Lena Dunham Opens Up About Date Rape

Lena Dunham.
Lena Dunham.

Lena Dunham. Photo: Getty Images.

Lena Dunham has bravely opened up being date raped in college.

The Girls creator and author of Not That Kind of Girl: A Young Woman Tells You What She's Learned, divulged to Terry Gross on Fresh Air that she was "terrified" to include a chapter on her experience in her new book, but said it's helped her gain new perspective.

"I said I spent so much time scared," Dunham said. "I spent so much time ashamed, I don't feel that way anymore. And it's not because of my job, it's not because of my boyfriend, it's not because of feminism -- though all those things helped -- it's because I told the story. And I still feel like myself and I feel less alone."

Dunham described the experience physically and emotionally painful, and one she spent a long time trying to reconcile.

"At the time that it happened, it wasn't something that I was able to be honest about," Dunham said. "I was able to share pieces, but I sort of used the lens of humor, which has always been my default mode, to try to talk around it."

Dunham also spoke out about the fact that she withdrew from the college experience afterwards, saying she'd "removed herself" from the world.

"I don't know if I would've told you at the time, 'Oh, I'm doing this to keep myself safe,' but obviously in hindsight... I basically removed myself from the social world as I'd known it," Dunham explained. "I spent a lot of time, which I talk about in the book, trying to figure out what my sexual preferences were and whether they in any way aligned with this experience I had had, whether there was any part of me that had, in quotes, 'wanted that.' It took me a long time of self-examination, hearing about other people's sort of sexual evolutions and realizing, oh, that's not something that happens to everyone. And when it does happen, they're allowed to mourn it and feel pain about it -- hearing that helped me."

The Girls creator also said it had taken some time for her to admit she'd been raped in the first place.

"I think I had just felt that something was very wrong," she said. "I had felt that something had happened and I remember thinking 'Can I ever be the same?'... I was at a party, drunk, waiting for attention -- and somehow that felt like such a shameful starting-off point that I didn't know how to reconcile what had come after. But I knew that it wasn't right and I knew in some way that this experience had been forced on me.

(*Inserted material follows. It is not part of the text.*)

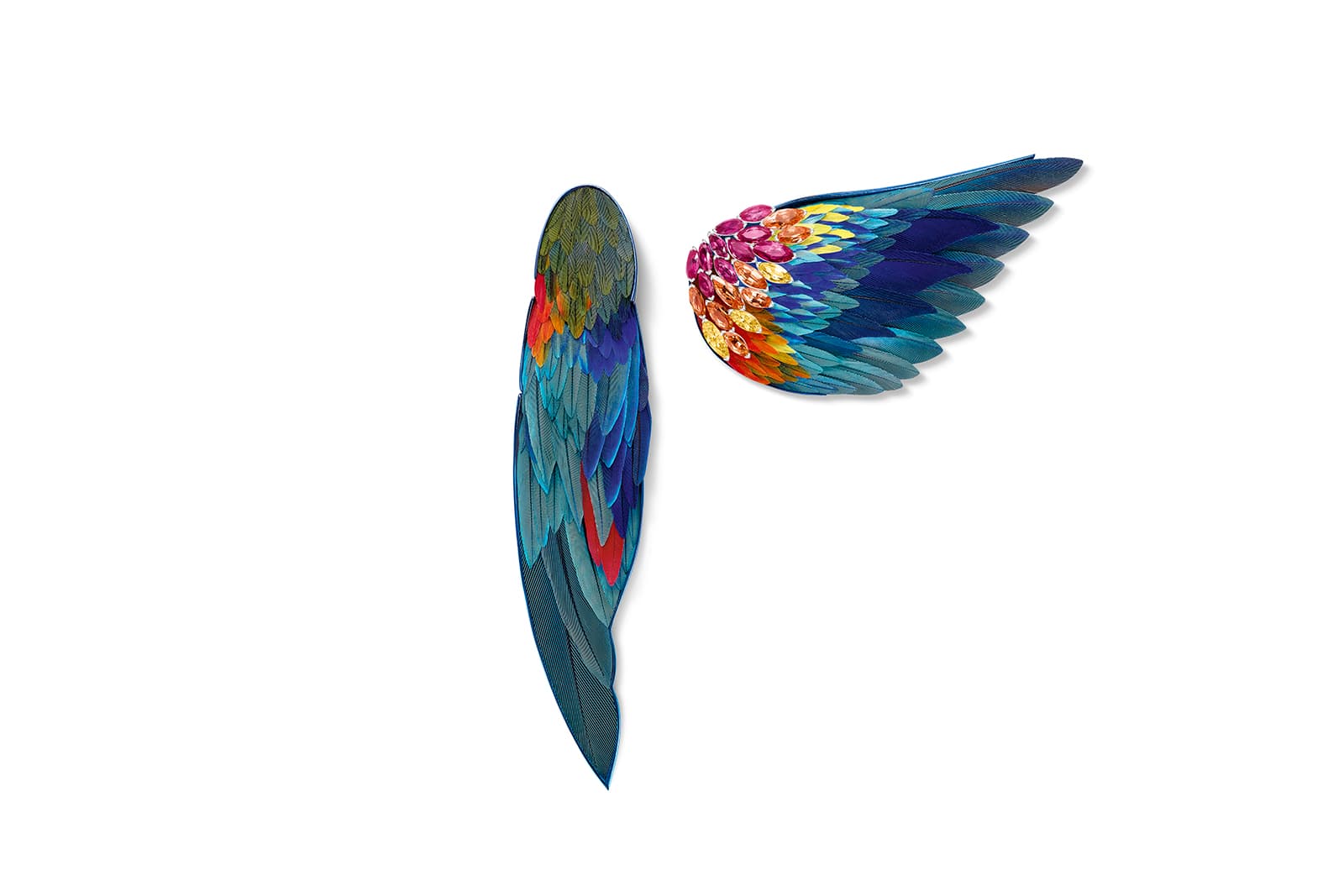  The Piaget Majestic Plumage necklace from the Wings of Light High Jewellery Collection features feather marquetry by Maître d’Art, Nelly Saunie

"When I shared it with my best friend and she used the term 'you were raped' at the time, I sort of laughed at her and thought like, you know, what an ambulance-chasing drama queen," Dunham continued. "[I] later felt this incredible gratitude for her for giving me that, giving me that gift of that kind of certainty that she had. I think that a lot of times when I felt at my lowest about it, those words in some way actually lifted me up because I felt that somebody was justifying the pain of my experience."